- For consumers, the impact of a merged Hewlett-Packard and Compaq may not be immediate, analysts say. However, the long-range impact, could mean fewer choices and higher prices the next time you shop for a PC or a handheld computer.
Carly Fiorina, current HP chief executive officer and future chief of the new merged company, says the company's success depends in large part on its ability to serve large corporations -- not consumers.
However, Michael Capellas, chairman and CEO at Compaq and future president of the combined company, is quick to point out that consumers will remain an important part of the company's focus.
"We are clearly going to remain the product of choice for consumers. We will continue to innovate for consumers whether it be digital handhelds, next-generation wireless devices, or imaging products, and digital music," Capellas says.
Capellas was short on specifics, however, regarding the fate of Compaq's Presario brand PCs and its iPaq line of handheld computers, which compete directly with HP brands -- particularly in retail.
One thing is clear about the merger, according to Roger Kay, analyst with market research firm IDC.
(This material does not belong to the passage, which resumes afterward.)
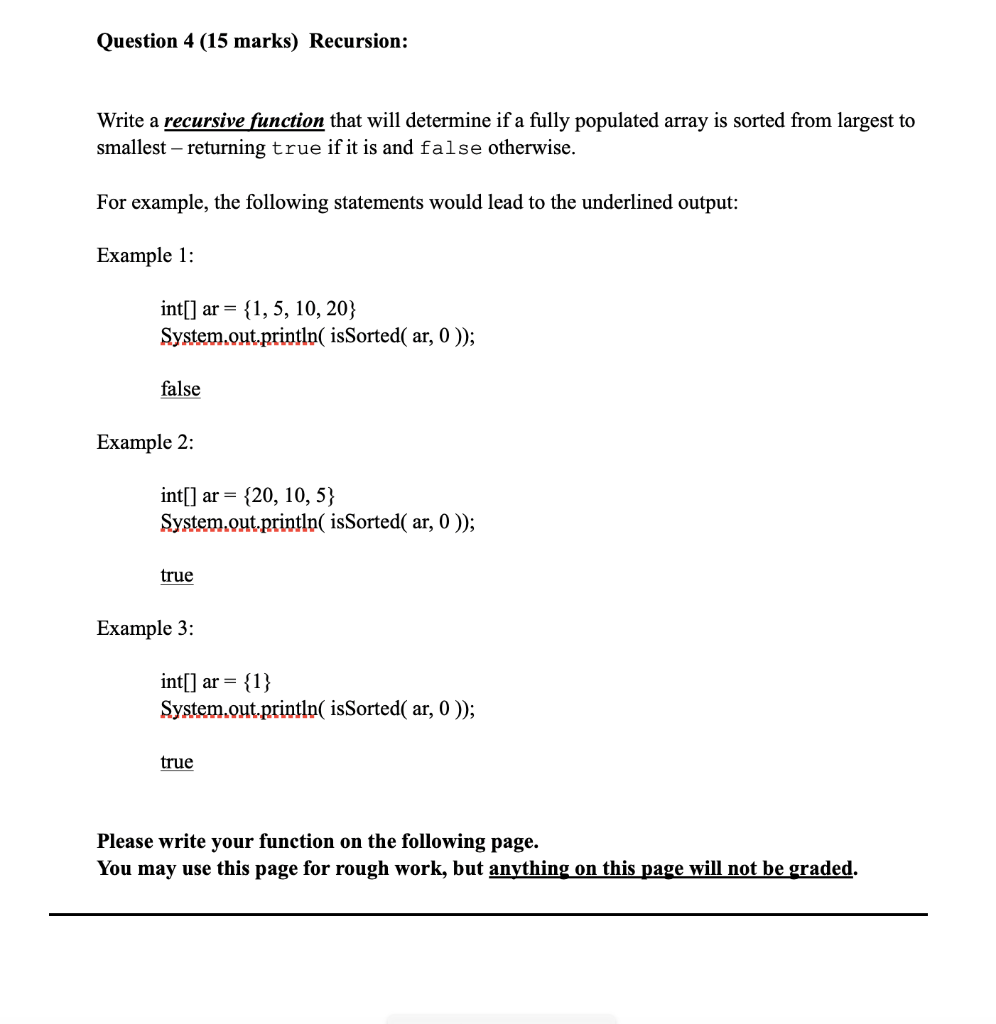  Question 4 (15 marks) Recursion: Write a recursive function that will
"What's created is a retail behemoth," Kay says.
Together, the two firms will dominate the retail channel in front of Apple Computers, eMachine, and Sony Computers. In the short run, however, consumers won't see a major shift in focus by HP.
Kay says it may take years for the merger dust to settle. The likely result is fewer Compaq and HP brands at the low end.
"Both their product portfolios are very similar. HP can't afford to support both," he says.
Chief among redundant brands are HP's Pavilion and Compaq's Presario lines of consumer PCs and HP's Jornada and Compaq's iPaq handheld computers.
Mark Margevicius, research analyst with Gartner, expects Compaq's brand to exit retail shelves and become HP's business-class PC. HP-labelled PCs will likely be pushed as the consumer brand, he says.
Unfortunately for consumers, the likely result of fewer competitors in the market is flat or rising PC prices, says IDC analyst Anne Bui.
With fewer choices on retail shelves the next time you go shopping for a PC you may find less choice and higher prices, she says.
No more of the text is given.